One of the most tedious, but necessary, tasks required for a good wireless LAN installation is a site survey. Sure, you can guess where to locate your access points, or just adopt a put-one-every-n-feet/meters approach, but most environments have physical, RF and budgetary obstacles that necessitate a more analytical approach.

AirMagnet’s new Surveyor tool is aimed at taking the pain out of wireless site surveys and, more importantly, converting all the gathered data into graphical representations that are nicely suited for human consumption.

Functional Overview

In a nutshell, Surveyor takes AirMagnet’s WLAN scanning engine and marries it to an interactive display tool. The display tool is actually the back-end for a data-cruncher that takes the RF and location information gathered during a survey walk-around and transmogrifies them into visual maps of the WLAN signal profile in the survey area.

The signal profiles can be overlaid on a map of the physical layout of the survey area, or just displayed scaled to a length and width that you must enter. There’s probably more than one way to do what Surveyor does, but AirMagnet has done it with their signature easy-to-use approach that will have you surveying and analyzing your first results within minutes of installing it.
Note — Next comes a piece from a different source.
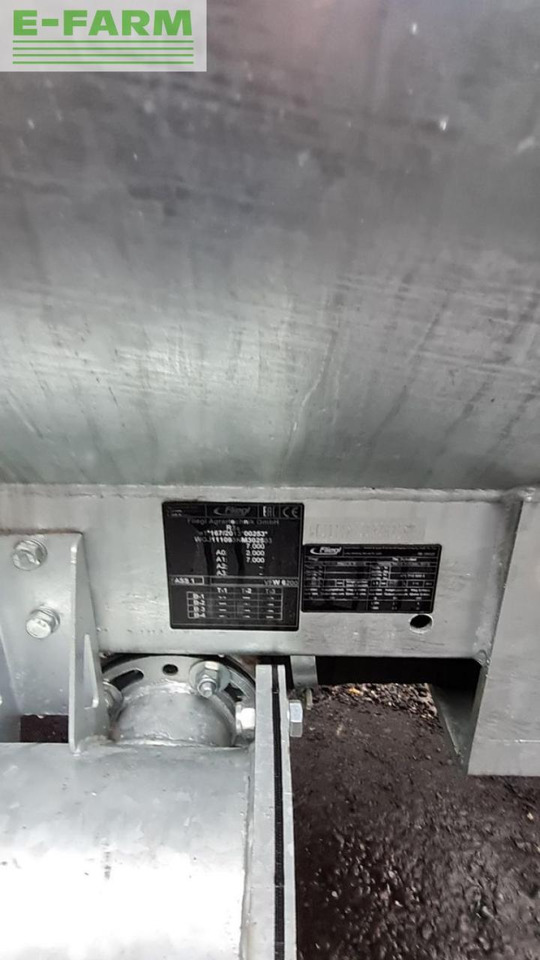 Fliegl vfm 6200 - Sıvı gübre tankeri: fotoğraf 4 Fliegl vfm 6200 - Sıvı gübre tankeri: fotoğraf 4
Figure 1 shows an example of Surveyor’s handiwork, so that you can get an idea of what all this looks like.

AirMagnet Surveyor Passive Survey result

Figure 1: Surveyor Passive Survey result

(click on the image for a larger view)

Although this screen looks pretty daunting, it’s easy to navigate once you get the lay of the land. I’ll walk through the process of building this display step-by-step later.

Running Surveyor requires a computer running WinXP or 2000 and a supported wireless adapter. AirMagnet figured that most folks won’t want to haul a desktop around to perform a survey, but will probably want a larger screen to look at all the pretty pictures that Surveyor can produce. So Surveyor’s license lets you install one copy in a computer equipped with a MAC-address-locked WLAN card and one “display-only” copy in another machine.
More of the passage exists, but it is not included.